### WHAT IS EXPECTED
Every line of the listing should be transcribed exactly, with nothing left out.

### INFORMATION SHOWN

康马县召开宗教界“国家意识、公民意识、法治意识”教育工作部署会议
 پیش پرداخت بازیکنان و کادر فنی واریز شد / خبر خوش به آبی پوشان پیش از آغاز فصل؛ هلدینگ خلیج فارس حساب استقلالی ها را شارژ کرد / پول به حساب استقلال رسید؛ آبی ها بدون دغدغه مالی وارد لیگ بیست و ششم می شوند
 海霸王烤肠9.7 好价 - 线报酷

### ANSWER AREA
康马县召开宗教界“国家意识、公民意识、法治意识”教育工作部署会议
 پیش پرداخت بازیکنان و کادر فنی واریز شد / خبر خوش به آبی پوشان پیش از آغاز فصل؛ هلدینگ خلیج فارس حساب استقلالی ها را شارژ کرد / پول به حساب استقلال رسید؛ آبی ها بدون دغدغه مالی وارد لیگ بیست و ششم می شوند
 海霸王烤肠9.7 好价 - 线报酷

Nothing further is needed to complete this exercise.